Are our security checkpoints really fighting crime?

Written by Josh Twin on . Posted in Life

In the wake of the July 2011 bombings at Kyadondo Rugby Club and Ethiopian village, security around Uganda was tightened. Or at least that's what we were meant to believe. All buildings were required to have checkpoints at entrances, with walk through metal detectors manned by several security personnel, "armed" with handheld detectors. Motor vehicle Checkpoints were set up at entrances to malls, office buildings and practically every public place. Some "sensitive" places even had sniffer dogs added to their

arsenal. There was a general sense of security.

However, in a matter of weeks, life had returned to normal, the checkpoints were relaxed, and some places didn't even have the checkpoints any more. The security guards get tired and start waving people past the checkpoints or checking a few random people. The public also gets tired of the checking and starts acting like they are no longer afraid of the potential threats, and start harassing the security guards. Some people start walking or driving straight past the checkpoint without stopping, and the guards don't do anything about it.

The checking itself is rather ineffective. Most of them check the glove box, peep into the back of the car, and sometimes ask you to open the trunk, which they casually look into and then wave you off without touching anything in the car.

Some time last year I decided to see how long I could drive through check points with several bags and miscellaneous items in the car without them being checked. For over 8 months the bags were never checked, all the time going through the checkpoints smoothly until I encountered the only thorough check point at a small hotel in Kiira Town council. The lady properly checked and asked me about the items she couldn't easily identify (some spare parts) and finally let me in. I was very irritated by the hassle she put me through, but it quickly hit me that she was just doing her job that others weren't doing.

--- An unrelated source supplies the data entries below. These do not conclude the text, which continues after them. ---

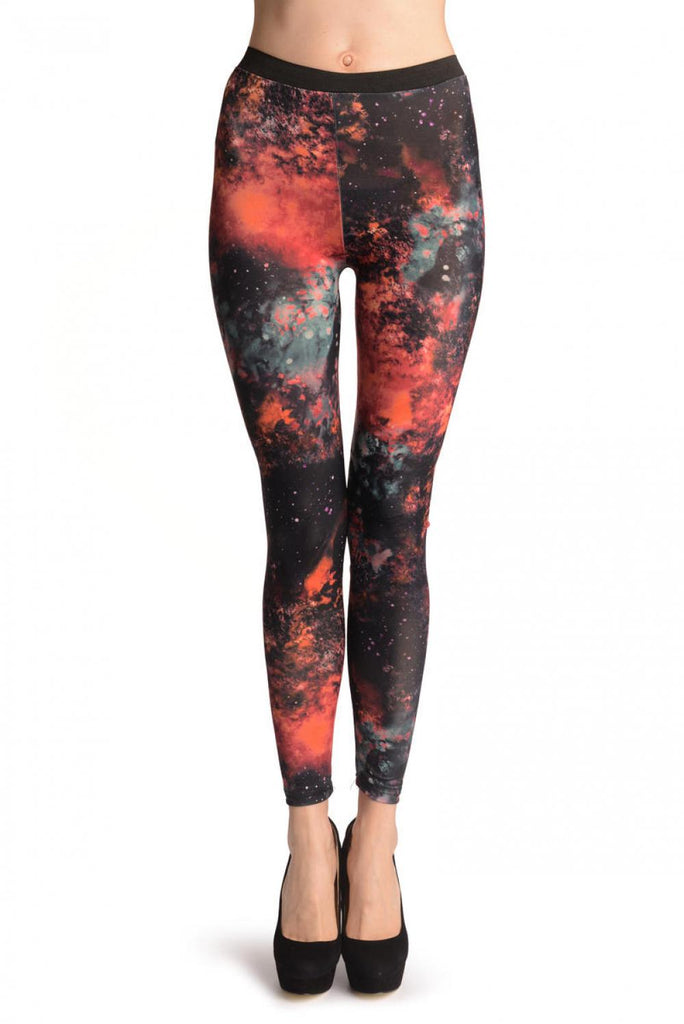 Liss Kiss Blue & Terracotta Galaxy Space - Leggings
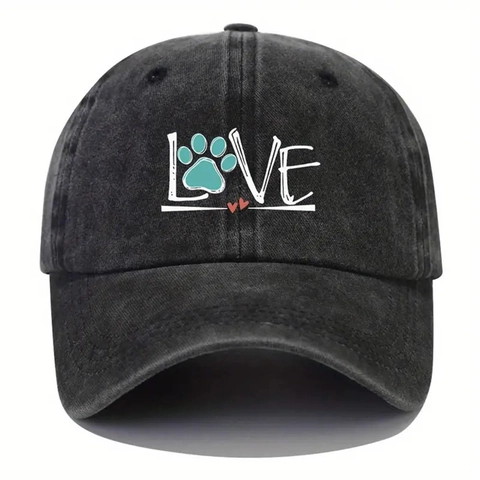 Berretto Da Baseball In Cotone Lavato Vintage Distressed LOVE Impronta Di Zampa Cuore Cappello Da Sole All Aperto Uomo Donna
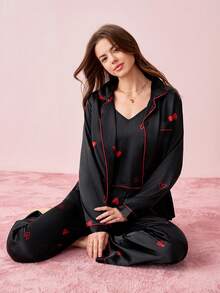Bonmuse 三件套仿丝绸爱心印花上衣+长裤+短裤睡衣套装，秋冬服装 - 黑色 - 查看 10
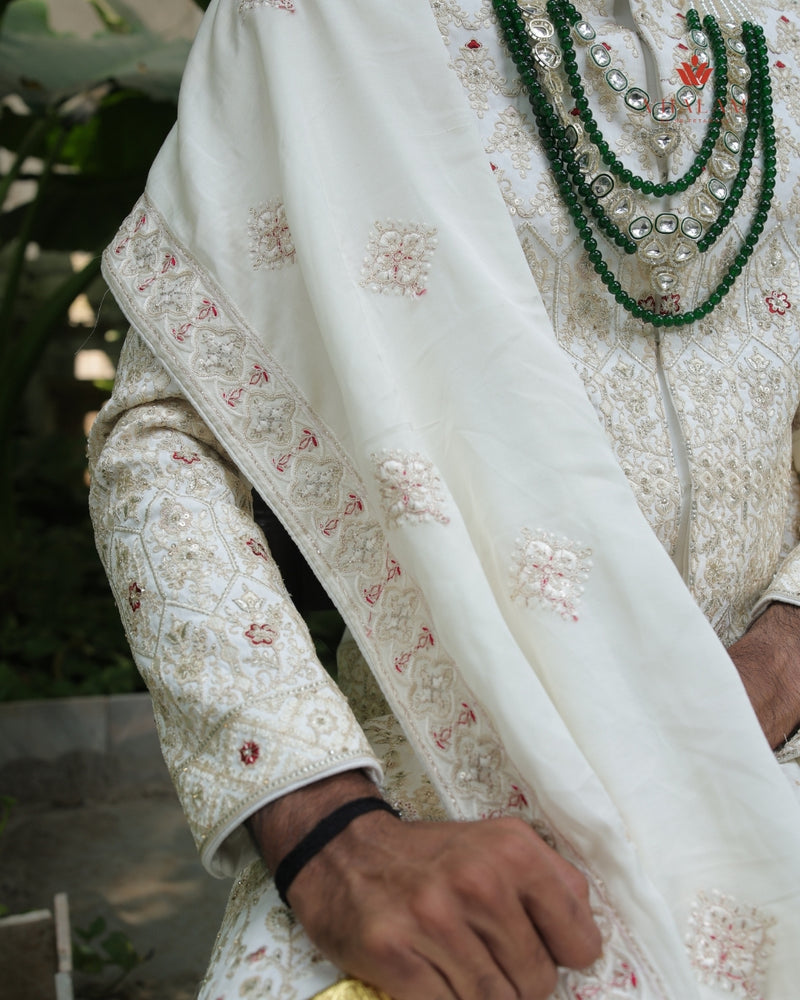 Elegant Cream Shawl with Subtle Red Floral Motifs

I drove around one car with the back looking like this.And since then, I am still driving through check points without being checked, at shopping malls, hotels, office complexes, and even government offices.
Some have argued that they only check suspicious looking people, and that they read your face to see whether they should check further, but I disagree because most of the people checking don't look or act like they have any serious training beyond how to operate a gun and probably a metal detector. (That assessment of course done by the same reading of their faces and actions) What gets more suspicious than a vehicle with several strange objects and bags? Do terrorists have badges or particular identifiers? If they did then wouldn't it be easy to find them and foil attacks?

I recently heard how a Somali family was checked very thoroughly at a checkpoint as several other people walked past because the two personnel manning the checkpoint were obsessed with the Somali family. If they were to use that methodology, they would have to thoroughly check Moslems and Arabs too, which is racist, illogical and ineffective.

Every time there is a terrorist threat, or an actual attack in Uganda or close by, the police swings into action, beefing up security again, but they quickly slacken and retreat, only to repeat the cycle whenever there is another threat.

I personally believe we are being kept alive by God's grace, not Uganda Police or the several private security outfits in the country.